When Antitrust Disputes Loom, Businesses Need to Make Savvy Arbitration Decisions

By on December 23, 2013

December/January 2014

Carl L. Blumenstein and Farschad Farzan, Nossaman LLP

Arbitration agreements are now commonplace in contracts, and so are global antitrust lawsuits, especially multi-party lawsuits alleging price-fixing cartels. The possibility of antitrust claims raises special concerns in drafting arbitration agreements.

Because antitrust claims may encompass a broader time period than the time the contract was in effect, businesses should draft agreements to encompass transactions that occurred both before the agreement was signed and after contract termination. An antitrust plaintiff will typically try to avoid arbitration by filing claims in court where the prospect of jury trial likely yields larger results.
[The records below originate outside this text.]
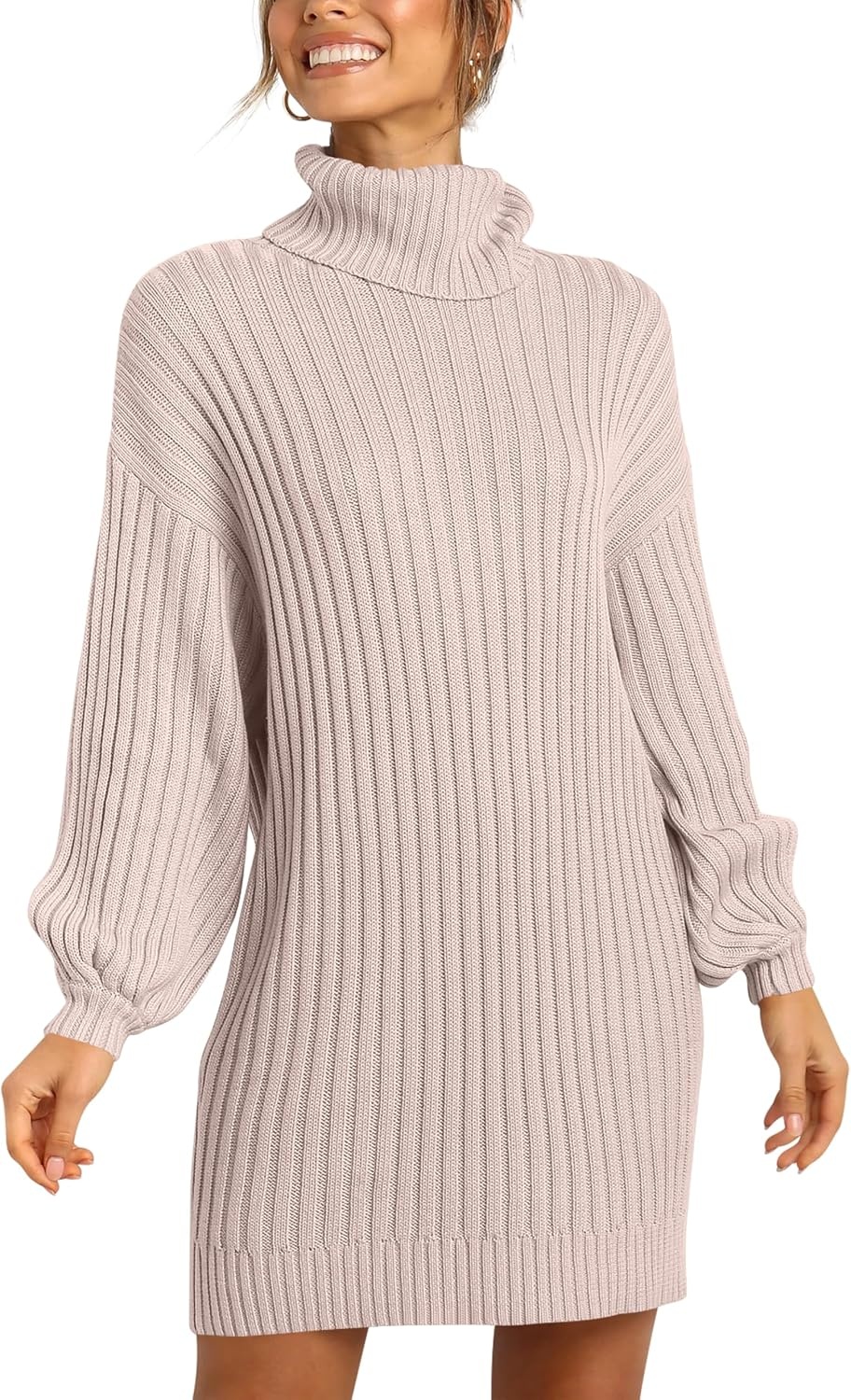 image:imageANRABESS Women Oversized Cowl Neck Fall Long Sleeve Sweater DressLight Pink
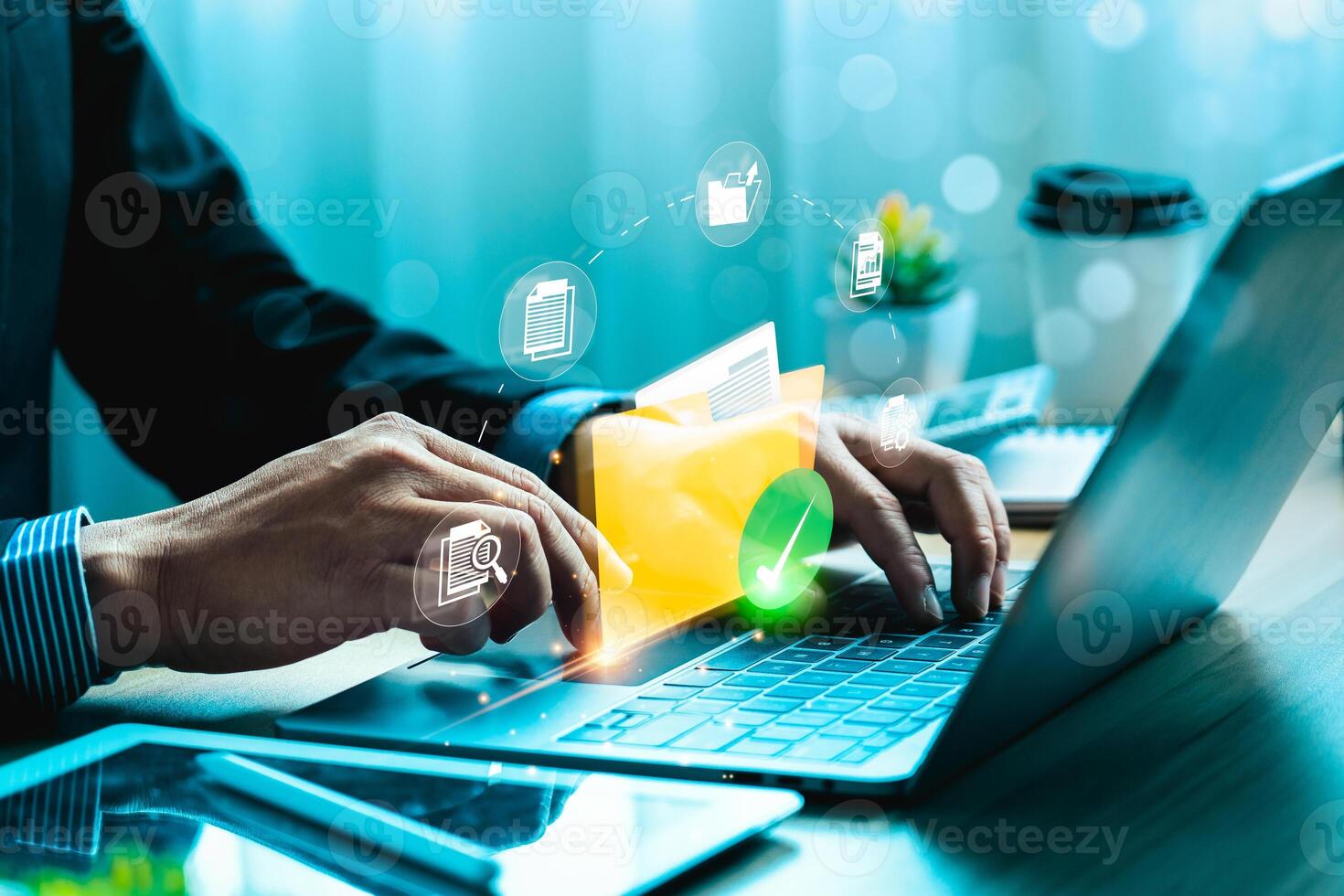 Document management system concept, software system for managing documents, information, organization. stores, searches, shares, controls data access, boosting efficiency and reducing data loss risks. photo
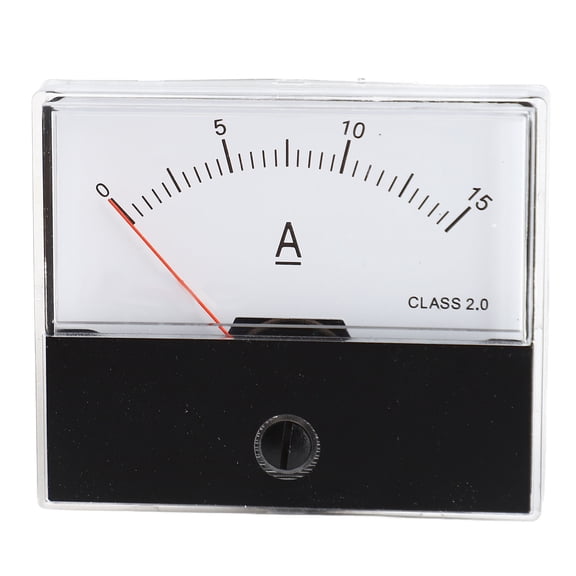 Premium Analog Current Panel Meter Ammeter Gauge Class 2.0 Accuracy DC 0-15A Measurement Tester with Transparent Outer Shell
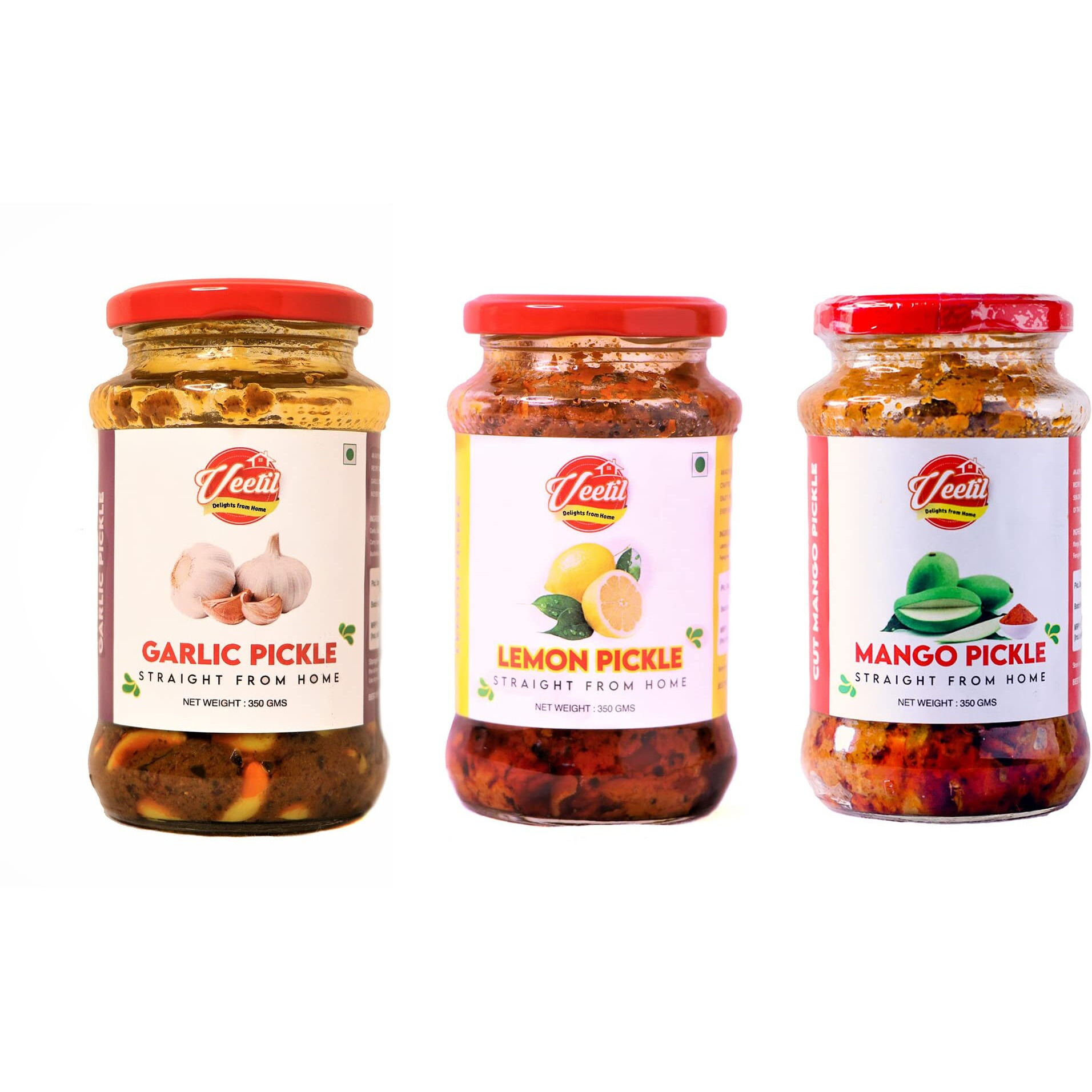 Veetil Mango Pickle + Lemon Pickle + Garlic Pickle Triple Combo Pack - Homemade Nimbu + Lasoon + Aam Ka Aachar 350g (3 bottles)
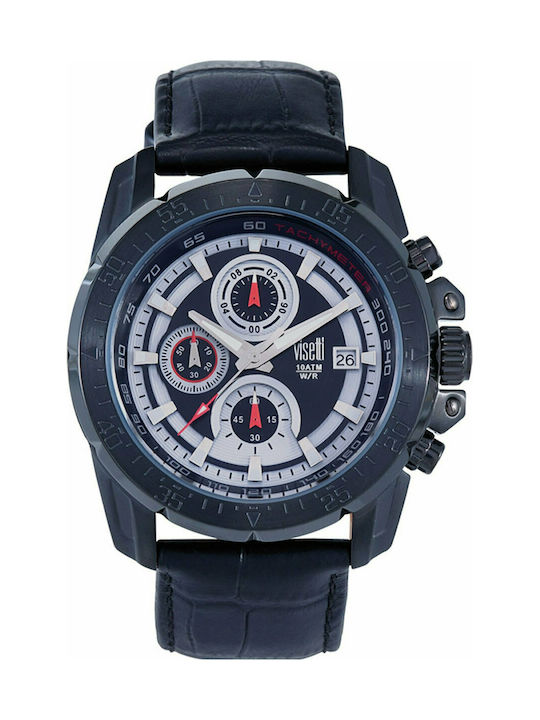 Visetti Watch Chronograph Battery with Black Leather Strap LZ-510BB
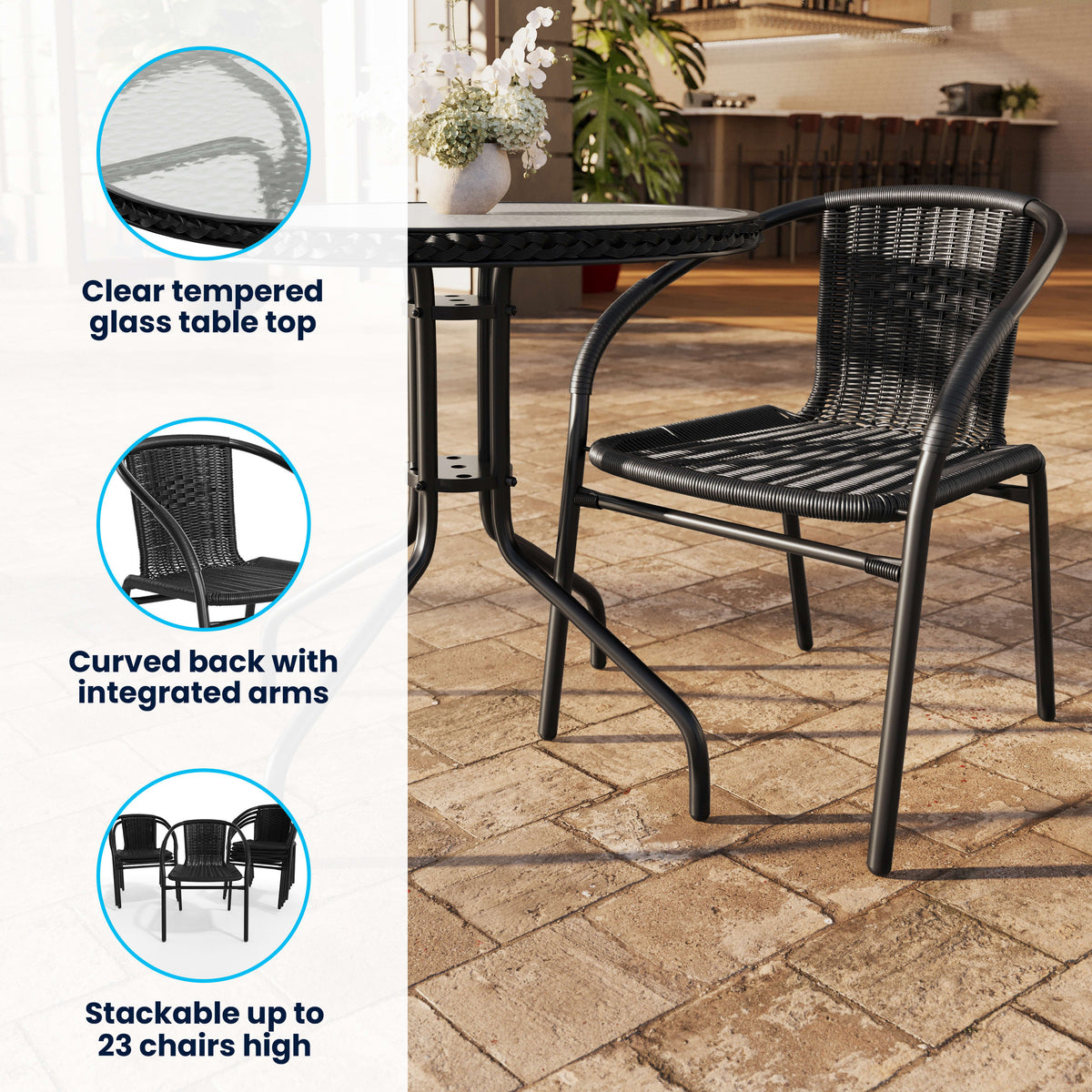 Black |#| 28" RD Glass Metal Table with Black Rattan Edging & 4 Black Rattan Stack Chairs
Plaintiffs will typically try to avoid arbitration, and the authors outline various options they can consider for doing so. From the defendants’ perspective, a company sued for antitrust violations by a party with which it may have a contractual relationship needs to review all pertinent contracts to determine whether the claim is arbitrable. Cases involving multiple defendants present a “two-front battle” scenario. This can happen where some defendants have arbitration agreements with the plaintiff and some do not. The plaintiff may be able to use the arbitration as a “trial run,” testing its case, so that it is better positioned to try the case against remaining defendants.

When a party gets pulled into an antitrust dispute, a preexisting arbitration agreement with an adverse party offers several potential advantages. However, businesses need to carefully consider all angles before proceeding.